Photo credit: https://abidingpresence.net/newsfeed/2018/2/8/holiday-mashup

“Happy Ash Valentine’s Day!” my friend wrote this morning.  At first the greeting made me chuckle, especially given the number of grimaces and eye rolls I have received this year about how the Church has to celebrate Ash Wednesday on a day that is supposed to be about love.  Truth be told, I am not even sure how many faithful will even come to church tonight instead of going out to dinner or staying in for a cozy night with loved ones. 

But what I loved about that greeting today was how it married the two notions:  that you can celebrate love and death all at the same time.  In the same way that the Church soberly says, “Remember you are dust and to dust you shall return,” the secular world, despite the obvious consumerism of the day, uses this day to soberly say, “No really.  I love you:  I love you my friend, I love you my co-worker, I love you my classmate, and I love you, my beloved.”  These two days, at their root, are meant to talk about ultimate things:  love and death.  And as a priest, when I walk individuals and families toward death, there is nothing but love hovering around.

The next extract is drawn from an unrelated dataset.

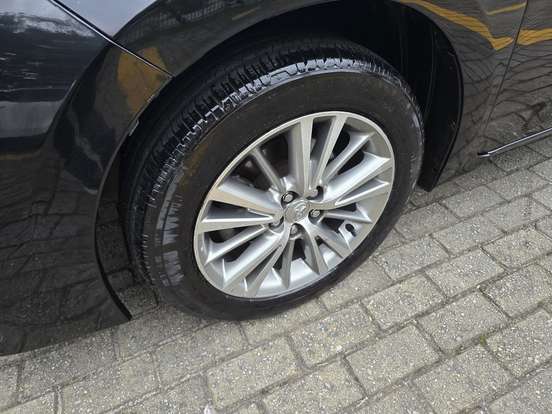 TOYOTA-COROLLA-2019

I wonder if the confluence of Ash Valentine’s Day might be an invitation for us this Lent.  How might you use these next forty day to meditate and act on those things of ultimate significance?  How are tending your relationship with God in a way that acknowledges that relationship’s ultimate significance?  How are you loving your neighbor in a way that honors the ultimate significance of their dignity?  How are you caring for yourself in a way that shows the ultimate significance of your identity as a child of God?  I don’t know if you need some silly candy conversation hearts that remind you that you are dust – or if you need ones that remind you that you are truly loved.  Either way, I hope this Ash Valentine’s Day is a day you can enter into Lent with significance, remembering you are loved.